On the other side of the slip are tips on everything from care and maintenance to knife safety.
This handy information is like a quick-start guide for home chefs. It’s especially useful if you’ve never had to care for a premium kitchen knife in the past.
Each Made In 8-inch Chef Knife comes with a custom sheath suitable to store and protect the blade when you’re not chopping. You won’t need the sheath if you already have a knife block, but it’s a nice feature if you don’t.
Made in chef’s knives come in your choice of red, black, or gray handles.
The handles have a slightly rounded profile with a gradual flare for gripping. Two stainless steel rivets mount the handle securely to the blade.
The handle is designed to fit comfortably and securely in one hand, allowing your fingers to grip just behind the bolster and your thumb to rest on the face of the blade.
The Made In 8-inch Chef Knife has a double bevel blade, which means that it has a cutting angle on both sides.
Each side is cut at 12.5 degrees, which results in a total cutting angle of 25 degrees. The 25-degree cutting angle makes the knife more durable, but still retains the sharpness needed to handle the demands of the busy home chef.
The nitrogen-treated, fully forged, full-tang blade measures 8.5 inches, 13 inches overall (including the handle).

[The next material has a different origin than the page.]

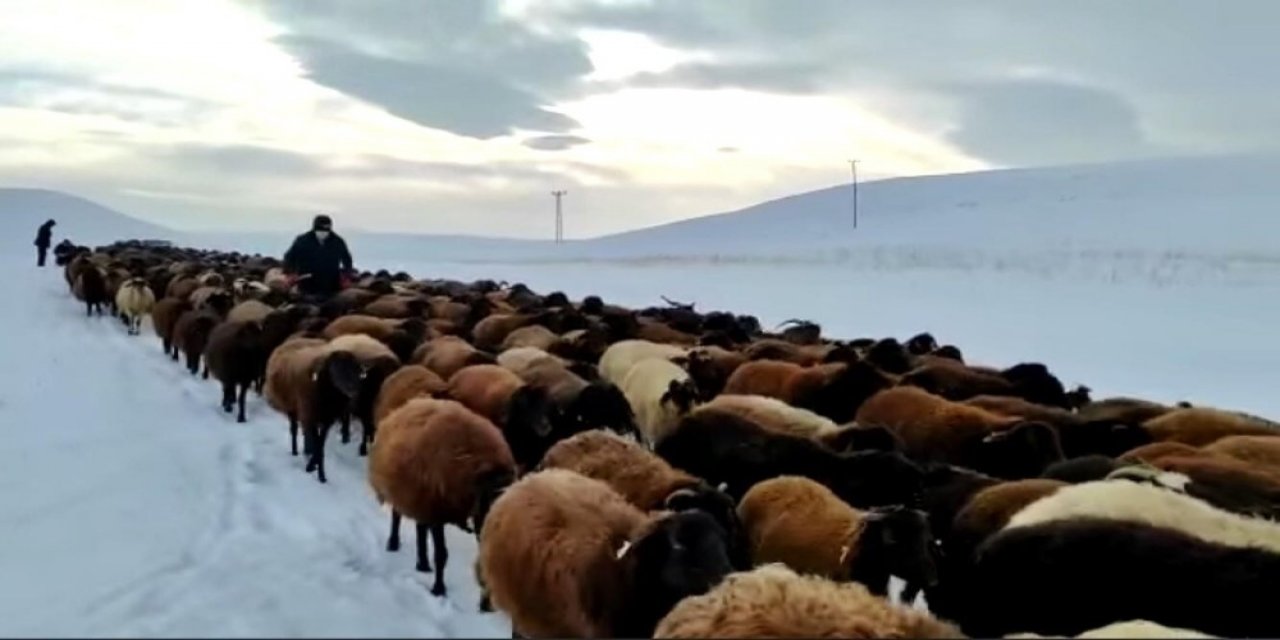 Karlı Yollarda Küçükbaş Hayvanların Zorlu Yolculuğu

The tang is the part of the blade that extends through the butt end of the handle. This type of design makes the knife heavier, more balanced, and more secure since the handle and blade can never be separated.

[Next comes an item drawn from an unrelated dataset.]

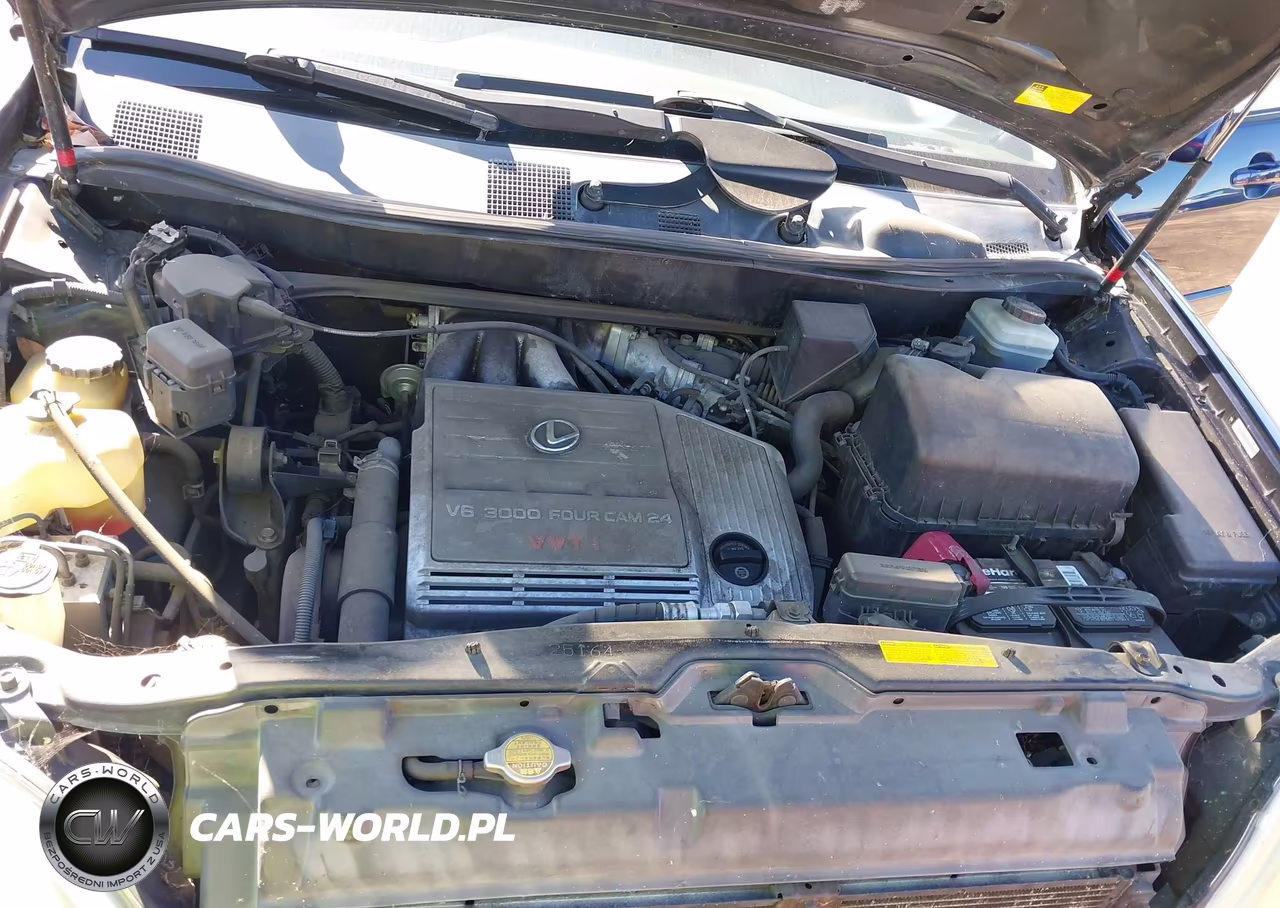 2003 Lexus Rx 300 VIN:JTJHF10U430295809 - 10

The Made In logo is engraved on both sides of the blade. One side also includes details about the country of origin, the blade’s construction, the type of steel, and the hardening process.

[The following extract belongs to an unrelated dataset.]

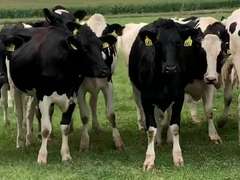 5 Heifers Due in April | pNM$ Avg 439 | Dams 305me Avg 32567# | 630 639 648 652 660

Made In gives you the option to add custom engraving to the side of the blade. You can place up to 20 characters in the engraving box, which is located just below the logo. This is a great way to personalize a knife for a gift or special occasion.
Comparing the Design to Wusthof Chef’s Knives
For comparison, take a look at the Made In 8-inch chef’s knife next to the Wusthof Classic chef knife in the picture below.
The Wusthof knife has three rivets and a bolster that extends onto the cutting surface of the blade, while the Made In knife’s bolster is well behind the blade’s cutting surface.
Both knives featured a curved space near the bolster for you to rest your fingers and provide a buffer zone from the sharp edge.
Wusthof also features a curved edge on the butt, which is ideal for ergonomic support and gives you a place to rest your pinky finger.
Made In has a straight handle with no curve at the butt end, which may make it less comfortable to hold for some people during extended cutting sessions, and may cause instability of grip if your hands are wet.
As I use the Made In knife, I’ve been paying close attention to the comfort and safety of the handle. And, despite the straight design, I’ve been pleasantly surprised with the grip, comfort, and stability. After using a Wusthof knife for so many years, it took a few weeks to get used to, but now it feels comfortable and safe.
Where It’s Made
Made In partners with a family-owned French knife factory in Thiers, France — a region that’s become known as the Capital of Cutlery because companies in this commune have been producing fully forged knives for over 700 years.
Today, Thiers is home to about 100 knife makers, a cutlery museum, and has roads named Rue de la Coutellerie (translation: Cutlery Street), Rue des Usines (translation: Factories Street).
The point is — it’s a place that’s full of cutlery expertise, talent, and tradition. Its economy relies on knife making, and, because of that, they do it very well.
How It’s Made
As I touched on in the Design section, this French-made knife is fully forged.
Fully forged means that the knife is made from one single rod of metal. This rod is heated and hammered into its form to create the kind of balance and durability not always present in welded or stamped knives.
It takes three teams to complete a Made In Chef Knife: forging, finishing, and industrial design.
The forging process hardens the steel and increases its durability. A unique nitrogen treatment seals in the sharpness of the blade, adds strength to the blade, and combats corrosion. The nitrogen treatment also makes the knife easy to clean, retaining its brilliant luster long term.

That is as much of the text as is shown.